Encoding historical dates correctly: is it practical, and is it worth it?

July 19, 2013, 10:30 | Short Paper, Embassy Regents E

From the middle ages to the early 20th century, a bewildering variety of calendars and dating methods was in use across Europe. This presentation will address issues involved in encoding historical dates during the early modern period, and look at strategies for enhancing computability and interoperability in date-encoding.

Although other calendars are in use across the world, nearly all societies have adopted the Gregorian calendar to some degree; wherever you go in the modern world, the date and time are generally uncontroversial. In past centuries, this was far from true. Jardine (2009) cites the case of William of Orange, whose invasion fleet left the Netherlands on November 11, 1688, but landed in England on November 5, having negotiated not only the English Channel but also the ten-day discrepancy between the Gregorian calendar in use in the Netherlands and the Julian still used in England. The complicated history of the adoption of the new Gregorian calendar across Europe, between its introduction by Pope Gregory in 1582 and its final consolidation in the early part of the 20th century, is familiar to scholars (see for instance Cheney 2000 and Duncan 1998).

Our project, the Map of Early Modern London (MoEML), falls squarely within the period of maximum calendar confusion for England. The two principle sources of difficulty are the discrepancy between the Gregorian and Julian calendars (ten days during most of the period) and the change in New Year's Day, which from the 12th century onward was March 25 rather than January 1. The resulting ambiguity in actual dating is compounded by the ways in which writers, both in the period and after it, have chosen to deal with the difficulty.

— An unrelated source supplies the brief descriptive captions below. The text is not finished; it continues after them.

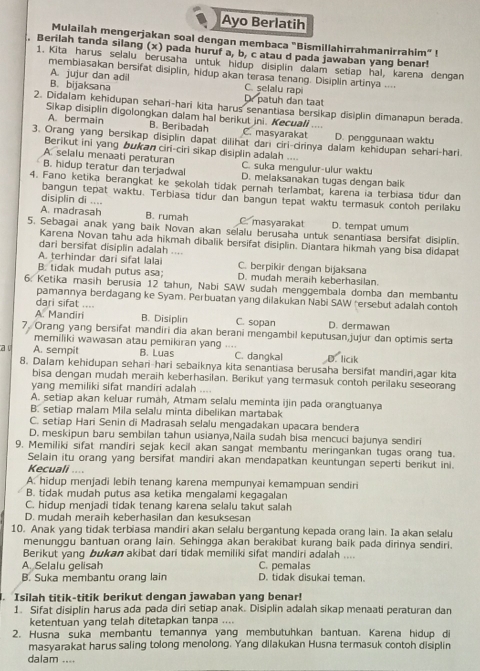 Ayo Berlatih
Mulailah mengerjakan soal dengan membaca "Bismillahirrahmanirrahim”!
. Berilah tanda silang (x) pada huruf a, b, c atau d pada jawaban yang benar!
1. Kita harus selalu berusaha untuk hidup disiplin dalam setiap hal, karena dengan
membiasakan bersifat disiplin, hidup akan terasa tenang. Disiplin artinya ....
A. jujur dan adil C. selalu rapi
B. bijaksana Dr patuh dan taạt
2. Didalam kehidupan sehan-hari kita harus senantiasa bersikap disiplin dimanapun berada.
Sikap disiplin digolongkan dalam hal berikut jni. Kecuali ....
A. bermain B. Beribadah C. masyarakat D. penggunaan waktu
3. Orang yang bersikap disiplin dapat dilihat dari ciri-cirinya dalam kehidupan sehari-hari.
Berikut ini yang bukan ciri-ciri sikap disiplin adalah ....
A. selalu menaati peraturan C. suka mengulur-ulur waktu
B. hidup teratur dan terjadwal D. melaksanakan tugas dengan baik
4. Fano ketika berangkat ke şekolah tidak pernah terlambat, karena ia terbiasa tidur dan
bangun tepat waktu. Terbiasa tidur dan bangun tepat waktu termasuk contoh perilaku
disiplin di ....
A. madrasah B. rumah C. masyarakat D. tempat umum
5. Sebagai anak yang baik Novan akan selalu berusaha untuk senantiasa bersifat disiplin.
Karena Novan tahu ada hikmah dibalik bersifat disiplin. Diantara hikmah yang bisa didapat
dari bersifat disiplin adalah ....
A. terhindar dari sifat lalai C. berpikir dengan bijaksana
B. tidak mudah putus asa; D. mudah meraih keberhasilan.
6. Ketika masih berusia 12 tahun, Nabi SAW sudah menggembala domba dan membantu
pamannya berdagang ke Syam. Perbuatan yang dilakukan Nabi SAW "ersebut adalah contoh
dari sifat ....
A. Mandiri B. Disiplin C. sopan D. dermawan
7. Orang yang bersifat mandiri dia akan berani mengambil keputusan,jujur dan optimis serta
memiliki wawasan atau pemikiran yang ....
a l A. sempit B. Luas C. dangkal D. licik
8. Dalam kehidupan sehari-hari sebaiknya kita senantiasa berusaha bersifat mandiri,agar kita
bisa dengan mudah meraih keberhasilan. Berikut yang termasuk contoh perilaku seseorang
yang memiliki sifat mandiri adalah ....
A. setiap akan keluar rumah, Atmam selalu meminta ijin pada orangtuanya
B. setiap malam Mila selalu minta dibelikan martabak
C. setiap Hari Senin di Madrasah selalu mengadakan upacara bendera
D. meskipun baru sembilan tahun usianya,Naila sudah bisa mencuci bajunya sendiri
9. Memiliki sifat mandiri sejak kecil akan sangat membantu meringankan tugas orang tua.
Selain itu orang yang bersifat mandiri akan mendapatkan keuntungan seperti berikut ini.
Kecuali ....
A. hidup menjadi lebih tenang karena mempunyai kemampuan sendiri
B. tidak mudah putus asa ketika mengalami kegagalan
C. hidup menjadi tidak tenang karena selalu takut salah
D. mudah meräih keberhasilan dan kesuksesan
10. Anak yang tidak terbiasa mandiri akan selalu bergantung kepada orang lain. Ia akan selalu
menunggu bantuan orang lain. Sehingga akan berakibat kurang baik pada dirinya sendiri.
Berikut yang bukan akibat dari tidak memiliki sifat mandiri adalah ....
A. Selalu gelisah C. pemalas
B. Suka membantu orang lain D. tidak disukai teman.
. Isilah titik-titik berikut dengan jawaban yang benar!
1. Sifat disiplin harus ada pada diri setiap anak. Disiplin adalah sikap menaati peraturan dan
ketentuan yang telah ditetapkan tanpa ....
2. Husna suka membantu temannya yang membutuhkan bantuan. Karena hidup di
masyarakat harus saling tolong menolong. Yang dilakukan Husna termasuk contoh disiplin
dalam ....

The terms "Old Style" and "New Style" (O.S. and N.S.) have been variously used to indicate the start-of-year convention in use, the leap-day adjustment between Julian and Gregorian calendars, or both; so if we see, for instance, "February 11 1650 New Style", it is by no means clear whether the date referred to would have been viewed by contemporaries as February 1 1650 (calendar adjustment), February 11 1649 (start-of-year adjustment), or February 1 1649 (both).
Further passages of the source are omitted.